Mijn fractie heeft nog enkele verduidelijkende vragen. Op pagina 2 van de memorie van toelichting maakt de minister melding van het feit dat het College van procureurs-generaal eigenlijk ook graag had gezien dat in het kader van deze reparatiewetgeving de bepalingen rondom heling en gewoonteheling werden aangepast. Het college is van mening, zo lezen wij in de memorie van toelichting, dat die artikelen onvoldoende zijn toegesneden op bijvoorbeeld de uitdagingen rondom computercriminaliteit. Ik denk dat het college gelijk heeft. De minister kiest niet voor deze suggestie, hij zegt dit punt in een veel later stadium te gaan aanpakken in het kader van cybercrime. Mijn fractie wil graag weten wanneer dit dan gaat gebeuren. Wanneer gaan wij de helingbepalingen, artikel 416 en artikel 417bis, beter toesnijden op de uitdagingen rondom cybercrime?

Mijn volgende vraag betreft de uitbreiding van de strafbaarstelling, onder artikel 134a, van wat ik maar trainingskampen zal noemen. Op pagina 9 van de memorie van toelichting gaat de minister op dit punt in. Is de minister van oordeel dat op het moment dat er sprake is van het verwerven of bijbrengen van kennis er al een oogmerk moet bestaan op het plegen van een terroristisch misdrijf? Moet naar het oordeel van de minister op het moment van de kennisverwerving dan wel op het moment van het bijbrengen van kennis, er al een oogmerk bestaan op het plegen van een terroristisch misdrijf bij degene die de kennis verwerft dan wel bij wie de kennis wordt bijgebracht?

De VVD-fractie is het buitengewoon eens met de opmerking van de minister op pagina 13 van de memorie van toelichting dat er meer gebruik zou moeten worden gemaakt van de mogelijkheden om personen uit het recht van beroep te ontzetten in geval van veroordeling voor een bepaald feit. Ik denk dan niet meteen aan geestelijken of imams zoals dat hier vandaag al ter sprake is geweest. Dat horen wij dan wel. Dat kan inderdaad ook van belang zijn. In het licht van de parlementaire werkgroep verwevenheid onder- en bovenwereld denk ik eerder aan de facilitators. De minister zegt hier ook wel iets over. In de stukken treft je er iets over aan, met betrekking tot artikel 65 van de Invorderingswet en artikel 69, lid 6 – ik zeg het uit mijn hoofd – van de Algemene wet inzake rijksbelastingen.

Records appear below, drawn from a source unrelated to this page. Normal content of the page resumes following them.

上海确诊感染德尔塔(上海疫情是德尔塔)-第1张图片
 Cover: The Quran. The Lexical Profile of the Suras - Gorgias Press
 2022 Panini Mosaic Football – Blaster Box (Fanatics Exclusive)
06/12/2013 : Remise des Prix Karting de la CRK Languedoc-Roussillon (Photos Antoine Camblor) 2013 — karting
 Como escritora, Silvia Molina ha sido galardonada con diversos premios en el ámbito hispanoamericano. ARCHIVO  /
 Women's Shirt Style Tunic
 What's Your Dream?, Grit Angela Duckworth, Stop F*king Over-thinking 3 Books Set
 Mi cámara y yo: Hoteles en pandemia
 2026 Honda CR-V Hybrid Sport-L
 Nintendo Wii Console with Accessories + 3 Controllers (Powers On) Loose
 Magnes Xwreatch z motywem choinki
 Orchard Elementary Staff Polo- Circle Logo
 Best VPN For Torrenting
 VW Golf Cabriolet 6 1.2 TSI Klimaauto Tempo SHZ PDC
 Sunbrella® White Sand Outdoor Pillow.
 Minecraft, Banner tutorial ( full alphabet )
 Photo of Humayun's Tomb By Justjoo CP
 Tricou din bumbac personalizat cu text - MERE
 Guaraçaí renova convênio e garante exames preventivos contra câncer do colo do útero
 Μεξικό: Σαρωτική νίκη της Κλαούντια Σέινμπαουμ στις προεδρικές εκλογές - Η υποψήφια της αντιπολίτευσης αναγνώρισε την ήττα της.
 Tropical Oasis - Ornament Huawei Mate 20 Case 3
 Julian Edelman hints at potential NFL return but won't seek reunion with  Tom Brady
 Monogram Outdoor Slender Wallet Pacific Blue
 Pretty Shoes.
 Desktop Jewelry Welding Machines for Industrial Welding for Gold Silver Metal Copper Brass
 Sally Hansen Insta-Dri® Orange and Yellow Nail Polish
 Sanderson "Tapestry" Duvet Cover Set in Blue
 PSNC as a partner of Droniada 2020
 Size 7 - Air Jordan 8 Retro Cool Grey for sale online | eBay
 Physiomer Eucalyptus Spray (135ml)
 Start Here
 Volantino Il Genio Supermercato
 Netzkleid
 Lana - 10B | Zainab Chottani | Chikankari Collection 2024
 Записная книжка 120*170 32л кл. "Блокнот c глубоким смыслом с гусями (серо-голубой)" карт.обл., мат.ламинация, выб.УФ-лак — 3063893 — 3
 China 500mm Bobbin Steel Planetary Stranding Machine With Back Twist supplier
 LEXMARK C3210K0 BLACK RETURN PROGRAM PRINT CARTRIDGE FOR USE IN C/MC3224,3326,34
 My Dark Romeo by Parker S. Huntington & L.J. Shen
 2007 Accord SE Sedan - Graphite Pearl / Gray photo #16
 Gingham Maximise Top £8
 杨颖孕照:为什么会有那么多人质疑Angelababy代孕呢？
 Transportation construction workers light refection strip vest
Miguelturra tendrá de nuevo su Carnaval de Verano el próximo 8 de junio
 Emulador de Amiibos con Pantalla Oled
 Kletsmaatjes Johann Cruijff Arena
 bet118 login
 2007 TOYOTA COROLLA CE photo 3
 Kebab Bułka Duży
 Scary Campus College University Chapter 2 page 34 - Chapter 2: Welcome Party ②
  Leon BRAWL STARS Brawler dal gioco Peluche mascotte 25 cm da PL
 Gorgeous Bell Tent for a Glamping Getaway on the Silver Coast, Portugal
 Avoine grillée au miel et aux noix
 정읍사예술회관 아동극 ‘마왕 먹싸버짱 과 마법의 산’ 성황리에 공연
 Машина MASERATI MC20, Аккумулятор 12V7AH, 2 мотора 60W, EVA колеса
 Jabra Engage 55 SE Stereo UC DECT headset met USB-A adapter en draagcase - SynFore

Mijn fractie vraagt zich het volgende af. Als de minister, zoals hij schrijft, van mening is dat er meer gebruik zou moeten worden gemaakt van de mogelijkheden om facilitators tot het plegen van strafbare feiten – van terrorisme maar ook van zware vormen van georganiseerde misdaad – aan te pakken, waarom gebeurt het dan niet? Waarom gebeurt het niet, als wij het allemaal vaststellen? Heeft de minister in de afgelopen tweeënhalf jaar met het College van procureurs-generaal besproken wat hij op pagina 13 van de memorie van toelichting vaststelt, zodat de officieren van justitie aan het werk kunnen worden gezet en zij gebruik gaan maken van de mogelijkheden om facilitators van terrorisme, georganiseerde misdaad en georganiseerde fraude daadwerkelijk aan te pakken? Heeft hij bijvoorbeeld de mogelijkheid besproken dat het OM eist de belastingadviseur die bijdraagt aan grootscheepse fiscale fraude uit de beroepsgroep te zetten? Misschien zie ik het verkeerd, maar mijn waarneming is dat dit buitengewoon weinig gebeurt. Nu komt het in de wet, maar de vraag is wat wij er feitelijk aan gaan doen.

De VVD-fractie is het eens met de verhoging van de strafbaarstelling inzake kinderporno, artikel 240b. Wij hebben hierover vaker gesproken. De minister verhoogt de strafbaarstelling van zes naar acht jaar. Toch vindt mijn fractie het jammer dat de minister niet kiest voor een maximumstrafbaarstelling van twaalf jaar of het opnemen van een geschokte rechtsorde als grond voor voorlopige hechtenis. In de praktijk loopt de voorlopige hechtenis in dit soort situaties vaak spaak, terwijl de Kamer het van links tot rechts een afschuwelijk delict vindt. De minister voelt niets voor een verhoging van de maximumstraf naar een niveau waarop de ernstig geschokte rechtsorde grond kan zijn voor voorlopige hechtenis, maar ziet hij geen andere mogelijkheid om bij verdenkingen van dit soort delicten de voorlopige hechtenis in stand te houden?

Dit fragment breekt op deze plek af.